La Brioche — After landing and enjoying a refreshing shower on Friday morning, I was on the hunt for a good breakfast spot. I wanted to go to the Natural History Museum so I started my search in Kensington Gardens. My TripAdvisor app suggested La Brioche… a narrow place filled with locals and tradesmen, many folks getting the 5£ full English breakfast. I opted for the egg and bacon on an English muffin and a large latte. There is a surcharge for eating-in, about 30p per item, so half the patrons got take-away. My muffin was nicely toasted and smeared with butter, very good. My latte was solid, not the best I’ve had but serviceable.
Orjowan Lebanese Cuisine (take away) – When it became clear that Eric’s flight was late, I decided to look for some take out. The take away section is right next to the fancier sit-down part and above a karaoke bar, so while waiting I was subjected to some interesting auditory abuse. However, the falafel balls were absolutely delicious, light and fluffy and came with a salad and yogurt dipping sauce.
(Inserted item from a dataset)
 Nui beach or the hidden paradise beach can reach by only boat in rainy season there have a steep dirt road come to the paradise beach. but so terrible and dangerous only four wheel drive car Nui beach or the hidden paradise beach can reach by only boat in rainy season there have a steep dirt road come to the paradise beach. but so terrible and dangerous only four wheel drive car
Pierre Victoire – On Saturday evening, we met my Aunt Kim and Uncle Jules for dinner in Soho at a French bistro before Spamalot! Our companions were running a half hour late so we had to rush through our dinner a bit and service was a bit slow at times. My beef tartare appetizer and mussels main course were pretty good but the broth was a bit weak. Eric’s croquettes were good but the potato gratin was more onion than potato and didn’t compare favorably to all the good examples of his meals in France. The carafe of Argentine rose we got went fine with our choices and was a nice value.
Caffe Fratelli – On Sunday morning, I took the tube to Covent Gardens to meet Kim and we grabbed a quick bite at a cafe near Somerset House. I had a delicious flatbread sandwich with goat cheese brie and roasted peppers.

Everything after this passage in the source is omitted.